LIMA - Of all the officers in all the armed forces of the world, perhaps none has a more unusual job than Peruvian air force Cmdr. Julio Chamorro: to investigate -- and perhaps prove -- the existence of UFOs. As head of the Office to Investigate Aerial Phenomena, Chamorro directs a seven-member team in charge of studying what he calls ``anomalies that could cause problems with aviation.'' Ostensibly, the office investigates planes that veer off course and hang gliders that steer too close to military bases, but that's not the crux of the work. Of the hundreds of calls received each month by the office, Chamorro says at least half are to report UFO sightings. And Chamorro believes many are credible.

''There are several mysteries that we believe are highly important and which merit our full attention,'' Chamorro said. ``If we can arrive at definitive conclusions, our work will be highly beneficial to Peru and all of humanity. Just think about the technological advances if we can definitely prove the existence of spacecrafts.''

MANY REPORTS

Chamorro estimates that 60 percent of Peru's population has seen an unexplainable event in the sky. Most of the calls he receives can be explained, but he says about a dozen each month are credible sightings with no easy explanation. There is, for example, the video taken in Chulucanas, Piura, at the end of 2001. Chamorro says it shows a huge ship sitting in the sky for nearly two hours. ''The ship made no noise and did not move. You can see the shape, which includes even windows,'' Chamorro said. Chulucanas has a long history of UFO sightings, he added.

Chamorro's office was officially organized two years ago, but the Peruvian government's interest in UFOs goes back decades, and there is archaeological evidence that ancient cultures were also hooked on other-worldly phenomena. Miles-long geometric designs in the desert of Nazca, south of Lima, or a winged god in the north are evidence for Chamorro that past cultures not only mastered science and math, but had an inkling that space might hold more than the sun and moon. In Chilca, 40 miles south of Lima on the Pacific coast, Mayor Numa Rueda is hoping to capitalize on the town's fame as one of the hottest spots for UFO sightings. ''There is big money in sightings,'' Rueda said. ``We can become the next Roswell [N.M.].''

Looking to the heavens may be Chilca's best bet for dealing with the very worldly problems of economic decay and poverty. The town's annual budget is $100,000, and Rueda says most of Chilca's 18,000 residents are impoverished and depend on a three-month beach season to make ends meet.

A LINK TO ROSWELL

Chilca's mayor would like Bill Owen, his counterpart in Roswell -- home to the International UFO Museum, New Mexico's most-visited tourist attraction -- to come to Peru and set up a sister-city relationship. ''Roswell has a museum, and there's even a TV show,'' Rueda said wistfully. ``If we were to link up, we could develop a UFO tourist circuit.'' Like many people in Chilca, Rueda says he has seen unidentified objects in the skies above his town.

In February 1998, Rueda says, he was chatting with his brother one night outside their house when a large, boomerang-shaped object appeared over a ridge that juts into the sea just beyond Chilca.

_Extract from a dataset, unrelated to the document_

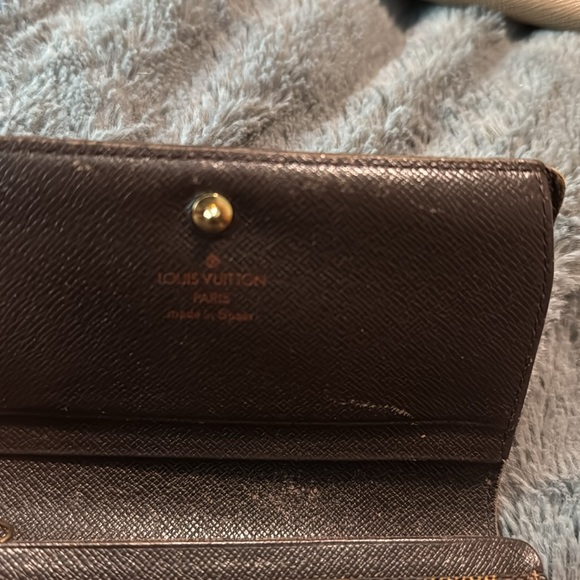 Louis Vuitton Wallet - Picture 10 of 10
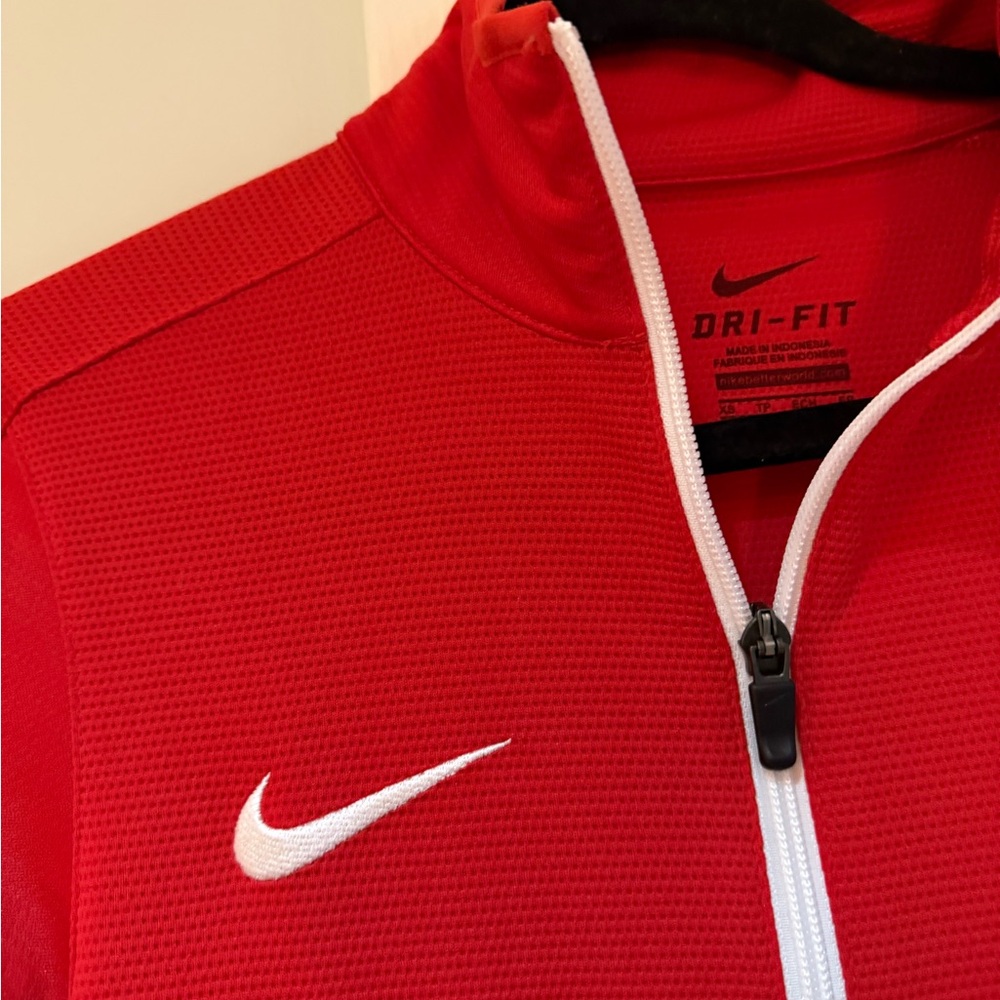 NWOT Nike Dri-Fit Red and White Sports Jacket - Picture 6 of 8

He says the UFO moved slowly and made no noise. Six similarly shaped smaller objects were nearby.

''The mother ship and the six other vehicles hovered for a few minutes and then headed out to sea,'' Rueda said. ``I had always heard about UFOs, but this was my first sighting. For me it was undeniable proof that there is life outside our planet.'' Chilca also has its own tiny piece of ancient UFO history. In the town's one-room museum, Rueda keeps a minuscule swath of Incan textile wrapped in brown paper for safekeeping. The textile depicts an oddly shaped nonhuman figure with antennas. Rueda says the figure is similar to the extraterrestrial being supposedly found in Roswell in 1947 and which forms the core of UFO attractions that put the town on the map. ''This proves that we are not the first people to sight UFOs here. The ancient Peruvians who inhabited Chilca also had sights and possibly contact,'' he said. Chamorro says sightings form part of Peru's culture, and even the government has gotten in the act on and off over the years .

SCIENTIFIC STUDY

In 1955, Carlos Paz founded Peru's Institute for Inter-Planetary Relations to study UFOs. Paz is a mythical figure in the international UFO community and assumed the role of quasi-diplomat from Peru to civilizations beyond the solar system. Although he died in 1999, his daughter, Rose Marie, continues at the helm. ''We are not like the philosophical groups. We are scientific. We demand hard evidence of UFO sightings,'' she said.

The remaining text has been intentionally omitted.